**Work required:**
Below are some records. Return exactly their lines from the one containing "Pixelmon is a" through the one containing "To accomplish this, they", and drop the pictures.

==== Data to examine

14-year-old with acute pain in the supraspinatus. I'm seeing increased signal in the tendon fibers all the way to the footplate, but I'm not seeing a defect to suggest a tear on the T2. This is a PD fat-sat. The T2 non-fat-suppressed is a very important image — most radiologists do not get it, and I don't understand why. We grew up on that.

========
==== Data to examine

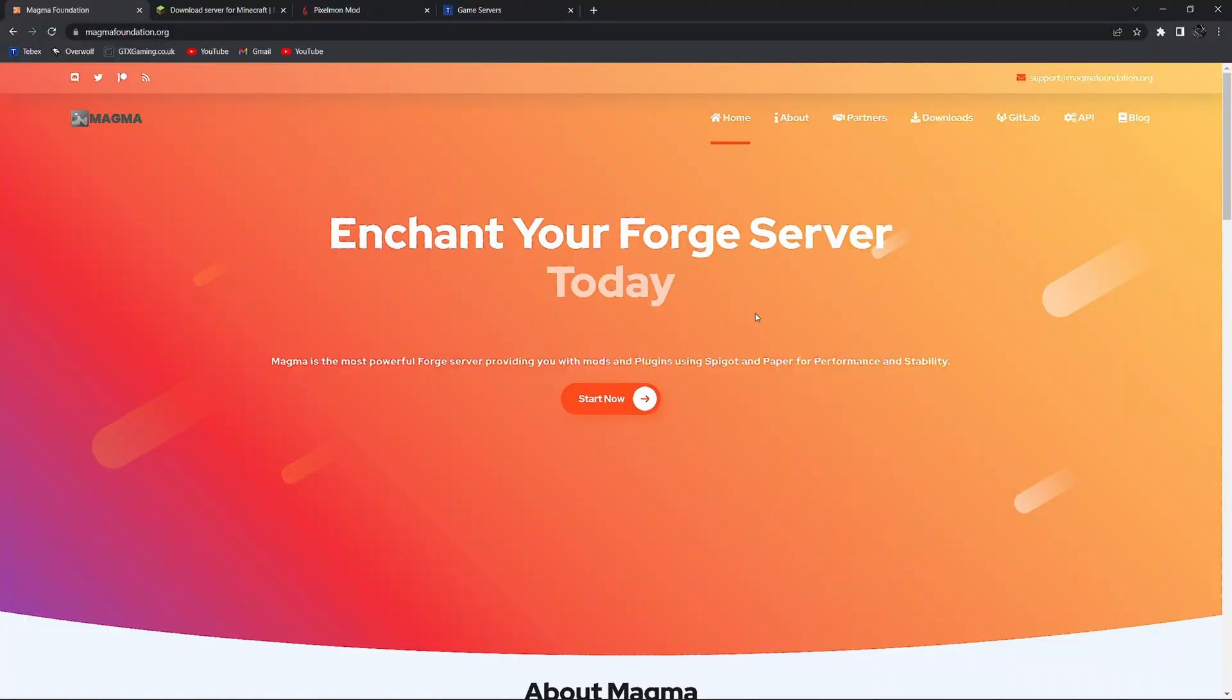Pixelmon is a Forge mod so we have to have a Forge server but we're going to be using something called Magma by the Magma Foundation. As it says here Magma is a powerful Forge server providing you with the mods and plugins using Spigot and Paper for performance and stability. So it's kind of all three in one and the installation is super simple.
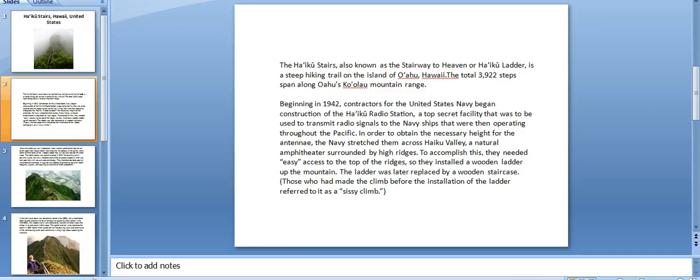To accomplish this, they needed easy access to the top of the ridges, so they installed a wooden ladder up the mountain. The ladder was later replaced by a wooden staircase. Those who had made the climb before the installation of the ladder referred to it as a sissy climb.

========

**Solution to the problem:**
Pixelmon is a Forge mod so we have to have a Forge server but we're going to be using something called Magma by the Magma Foundation. As it says here Magma is a powerful Forge server providing you with the mods and plugins using Spigot and Paper for performance and stability. So it's kind of all three in one and the installation is super simple.
To accomplish this, they needed easy access to the top of the ridges, so they installed a wooden ladder up the mountain. The ladder was later replaced by a wooden staircase. Those who had made the climb before the installation of the ladder referred to it as a sissy climb.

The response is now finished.